[REQUIRED WORK] Set down all of the entries below exactly, and omit the pictures.
** EXTRACTED ENTRIES follows **
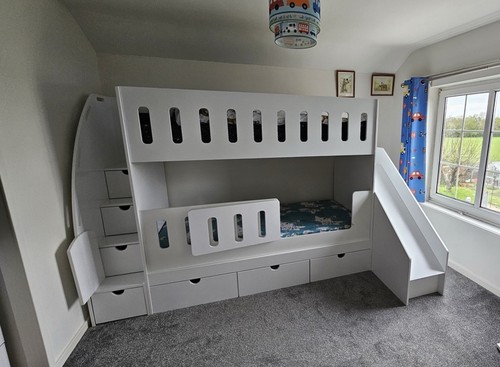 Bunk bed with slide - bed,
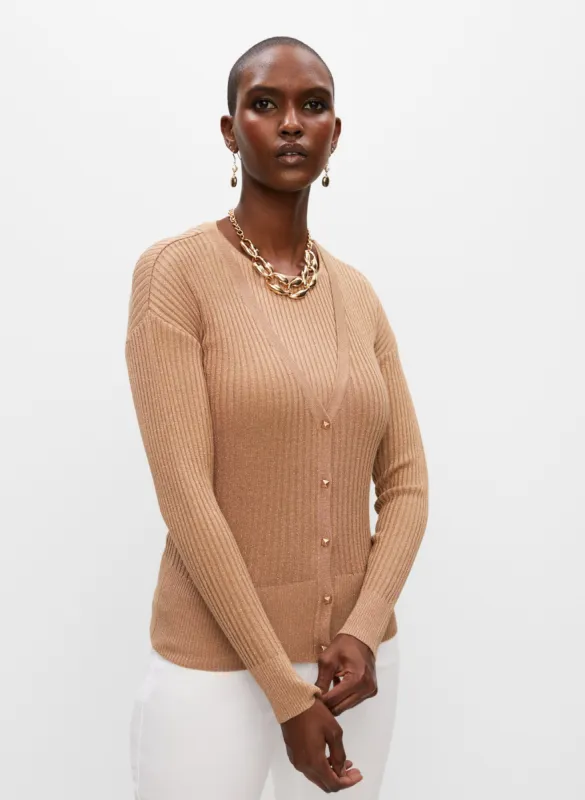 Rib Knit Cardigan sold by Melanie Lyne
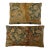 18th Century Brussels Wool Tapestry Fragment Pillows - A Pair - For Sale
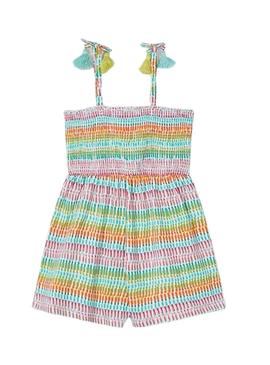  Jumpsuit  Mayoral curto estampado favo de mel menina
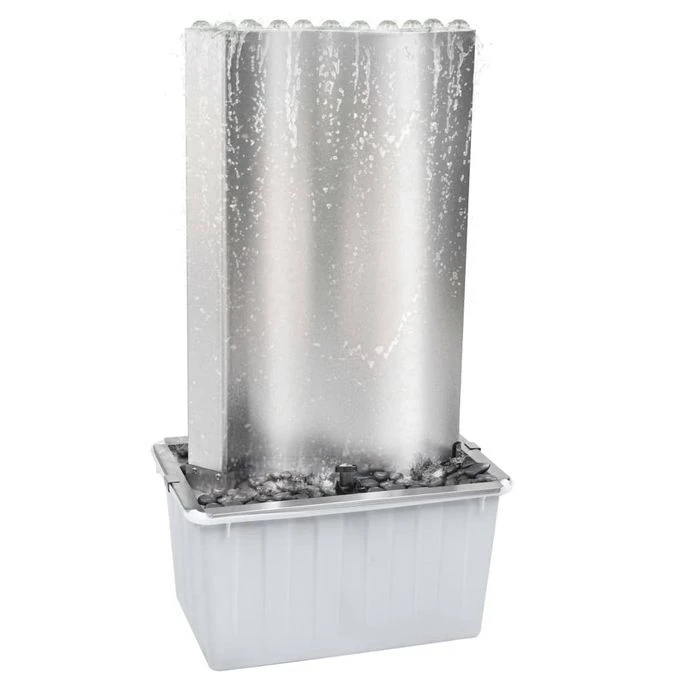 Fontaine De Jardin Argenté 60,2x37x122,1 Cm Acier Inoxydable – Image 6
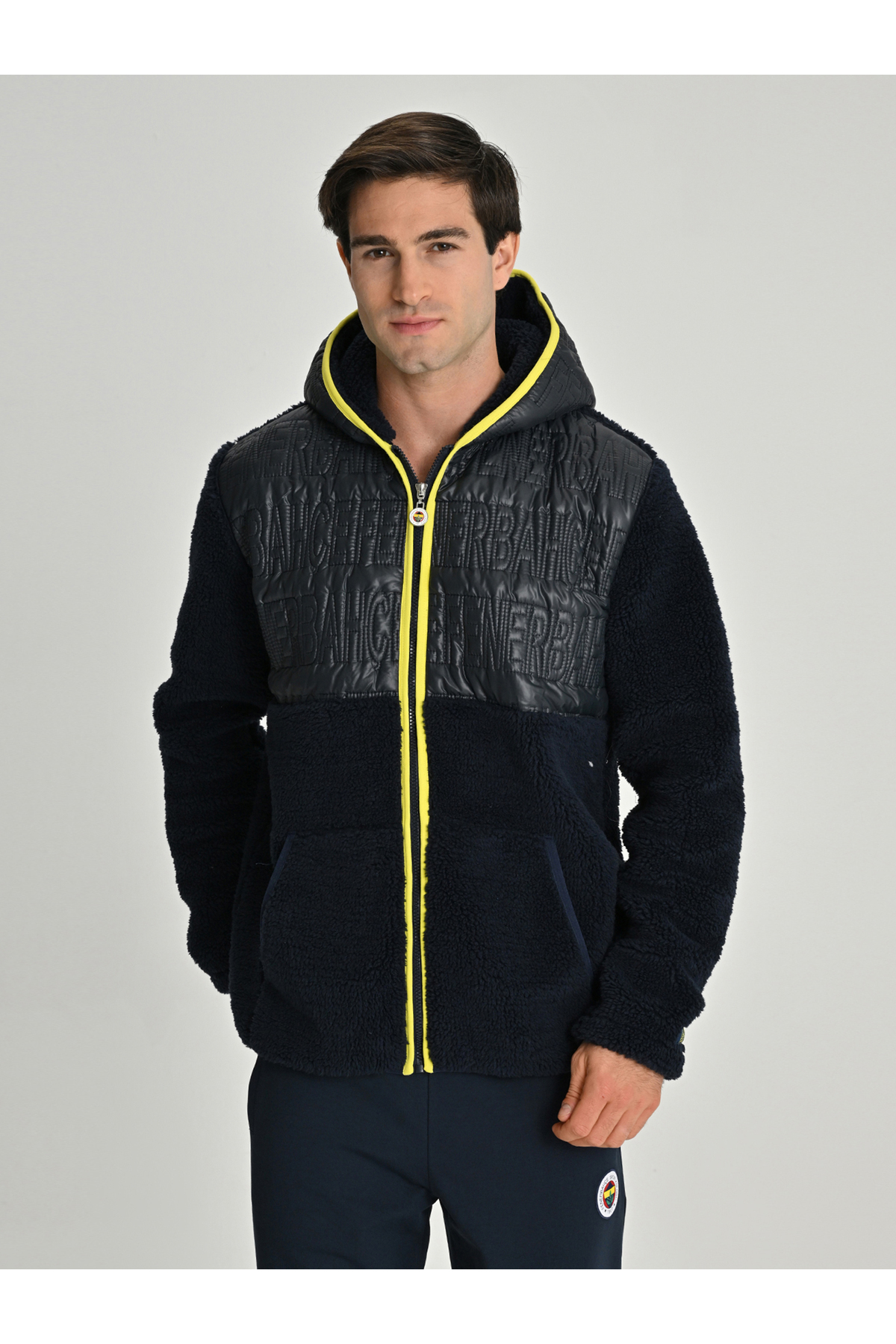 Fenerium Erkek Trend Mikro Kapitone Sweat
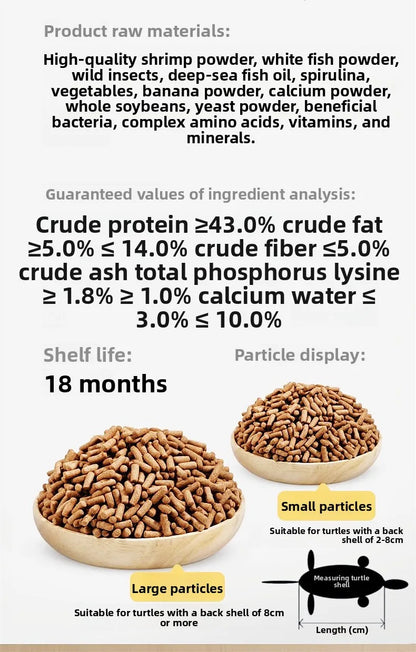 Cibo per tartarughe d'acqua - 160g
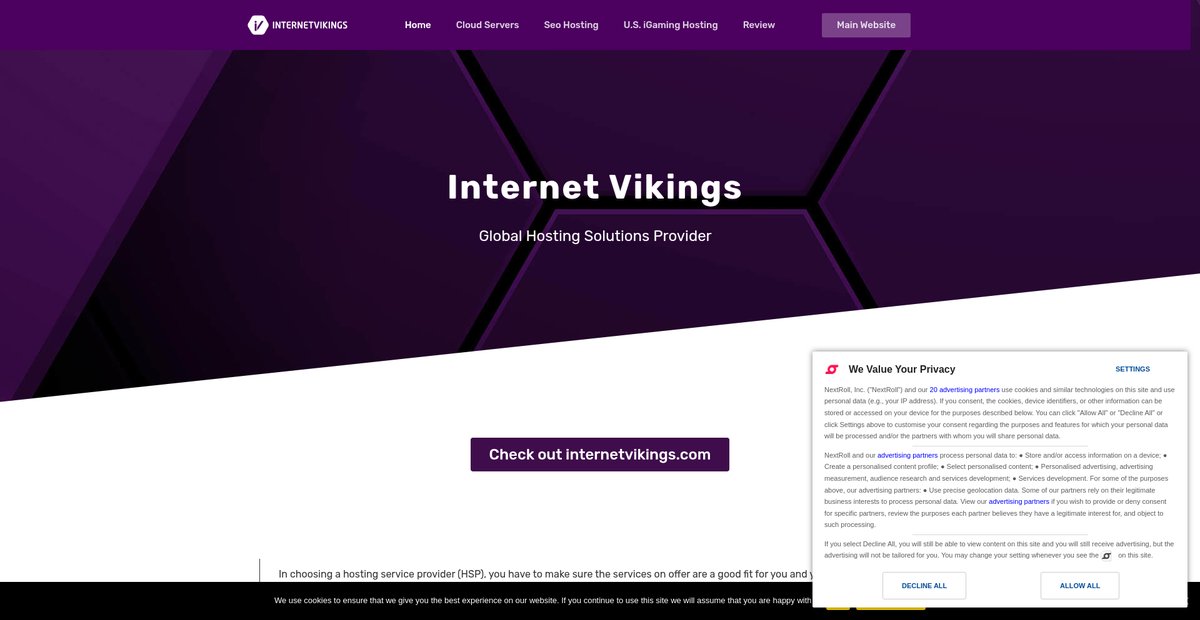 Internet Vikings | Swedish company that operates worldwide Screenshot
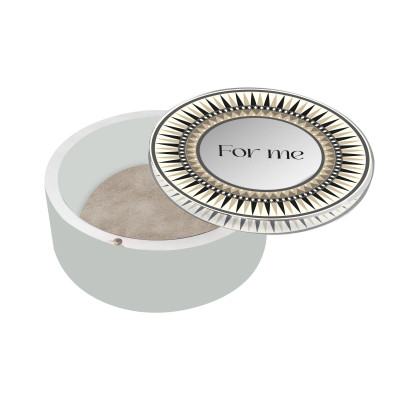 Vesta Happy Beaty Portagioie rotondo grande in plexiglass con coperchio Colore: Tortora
** End of EXTRACTED ENTRIES **
[OUTPUT BELOW]
 Bunk bed with slide - bed,
 Rib Knit Cardigan sold by Melanie Lyne
 18th Century Brussels Wool Tapestry Fragment Pillows - A Pair - For Sale
  Jumpsuit  Mayoral curto estampado favo de mel menina
 Fontaine De Jardin Argenté 60,2x37x122,1 Cm Acier Inoxydable – Image 6
 Fenerium Erkek Trend Mikro Kapitone Sweat
 Cibo per tartarughe d'acqua - 160g
 Internet Vikings | Swedish company that operates worldwide Screenshot
 Vesta Happy Beaty Portagioie rotondo grande in plexiglass con coperchio Colore: Tortora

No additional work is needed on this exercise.